One of these hackers is Omar Sandoval, who happened to mention that he had used gdb to track down a Linux-kernel bug. And without first extracting the code to userspace. I figured that it was time for this old dog to learn a new trick, so I asked Omar how he made this happen.

Omar pointed out that because rcutorture runs in guest OSes, gdb can take advantage of the debugging support provided by qemu. To make this work, you build a kernel with CONFIG_DEBUG_INFO=y (which supplies gdb with additional symbols), provide the nokaslr kernel boot parameter (which prevents kernel address-space randomization from invalidating these symbols), and supply qemu with the -s -S command-line arguments (which causes it to wait for gdb to connect instead of immediately booting the kernel). You then specify the vmlinux file's pathname as the sole command-line argument to gdb. Once you see the (gdb) prompt, the target remote :1234 command will connect to qemu and then the continue command will boot the kernel.

I tried this, and it worked like a charm.

Alternatively, you can now use the shiny new rcutorture --gdb command-line argument in the -rcu tree, which will automatically set up the kernel and qemu, and will print out the required gdb commands, including the path to the newly built vmlinux file.

And yes, I do owe Omar a --drgn command-line argument, which I will supply once he lets me know how to connect drgn to qemu. :-)

In the meantime, the following sections cover a couple of uses I have made of --gdb, mostly to get practice with this approach to Linux-kernel debugging.

Case study 1: locktorture

For example, let's use gdb to investigate a long-standing locktorture hang when running scenario LOCK05:

tools/testing/selftests/rcutorture/bin/kvm.sh --allcpus --torture lock \
    --duration 3 --configs LOCK05 --gdb

This will print out the following once the kernel is built and qemu has started:

Waiting for you to attach a debug session, for example:
    gdb gdb /home/git/linux-rcu/tools/testing/selftests/rcutorture/res/2020.08.27-14.51.45/LOCK05/vmlinux
After symbols load and the "(gdb)" prompt appears:
    target remote :1234

Once you have started gdb and entered the two suggested commands, the kernel will start. You can track its console output by locating its console.log file as described in an earlier post. Or you can use the ps command to dump the qemu command line, looking for the -serial file: command, which is following by the pathname of the file receiving the console output.

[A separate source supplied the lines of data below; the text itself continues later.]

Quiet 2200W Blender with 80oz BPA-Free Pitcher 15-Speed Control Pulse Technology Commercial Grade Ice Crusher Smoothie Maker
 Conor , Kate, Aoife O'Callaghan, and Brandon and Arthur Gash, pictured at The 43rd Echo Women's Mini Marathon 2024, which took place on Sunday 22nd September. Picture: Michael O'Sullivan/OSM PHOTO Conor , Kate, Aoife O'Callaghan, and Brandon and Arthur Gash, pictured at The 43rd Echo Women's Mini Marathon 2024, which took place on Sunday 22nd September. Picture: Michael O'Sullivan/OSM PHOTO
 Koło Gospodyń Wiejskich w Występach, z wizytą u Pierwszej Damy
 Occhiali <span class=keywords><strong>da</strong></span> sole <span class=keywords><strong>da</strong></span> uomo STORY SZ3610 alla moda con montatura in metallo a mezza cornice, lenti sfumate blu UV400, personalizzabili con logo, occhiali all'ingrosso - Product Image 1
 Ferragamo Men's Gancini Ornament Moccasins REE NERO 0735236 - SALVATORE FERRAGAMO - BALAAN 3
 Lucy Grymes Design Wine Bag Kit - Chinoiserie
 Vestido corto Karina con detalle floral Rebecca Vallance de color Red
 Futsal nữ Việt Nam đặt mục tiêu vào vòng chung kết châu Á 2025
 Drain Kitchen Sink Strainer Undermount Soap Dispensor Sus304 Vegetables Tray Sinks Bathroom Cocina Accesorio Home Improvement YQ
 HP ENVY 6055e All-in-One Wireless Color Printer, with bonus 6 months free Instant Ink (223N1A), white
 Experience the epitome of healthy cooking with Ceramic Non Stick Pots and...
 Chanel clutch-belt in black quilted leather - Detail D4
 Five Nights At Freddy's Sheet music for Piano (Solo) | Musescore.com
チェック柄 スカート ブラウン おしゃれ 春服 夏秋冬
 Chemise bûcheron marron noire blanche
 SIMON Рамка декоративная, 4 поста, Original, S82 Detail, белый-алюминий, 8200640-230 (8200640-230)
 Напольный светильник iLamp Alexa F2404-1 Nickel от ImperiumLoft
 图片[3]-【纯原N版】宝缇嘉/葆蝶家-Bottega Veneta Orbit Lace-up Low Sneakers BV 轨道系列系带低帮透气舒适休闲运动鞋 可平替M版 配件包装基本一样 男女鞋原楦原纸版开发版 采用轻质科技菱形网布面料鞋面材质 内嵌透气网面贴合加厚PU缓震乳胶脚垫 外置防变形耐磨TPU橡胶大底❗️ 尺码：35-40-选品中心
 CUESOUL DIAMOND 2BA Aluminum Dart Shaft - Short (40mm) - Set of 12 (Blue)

Once the kernel is sufficiently hung, that is, more than 15 seconds elapses after the last statistics output line (Writes: Total: 27668769 Max/Min: 27403330/34661 Fail: 0), you can hit control-C at gdb. The usual info threads command will show the CPUs' states, here with the 64-bit hexadecimal addresses abbreviated:

(gdb) info threads
  Id   Target Id         Frame 
* 1    Thread 1 (CPU#0 [running]) stutter_wait (title=0xf... "lock_torture_writer")
    at kernel/torture.c:615
  2    Thread 2 (CPU#1 [running]) 0xf... in stutter_wait (
    title=0xf... "lock_torture_writer") at kernel/torture.c:615
  3    Thread 3 (CPU#2 [halted ]) default_idle () at arch/x86/kernel/process.c:689
  4    Thread 4 (CPU#3 [halted ]) default_idle () at arch/x86/kernel/process.c:689

It is odd that CPUs 0 and 1 are in stutter_wait(), spinning on the global variable stutter_pause_test. Even more odd is that the value of this variable is not zero, as it should be at the end of the test, but rather the value two. After all, all paths out of torture_stutter() should zero this variable.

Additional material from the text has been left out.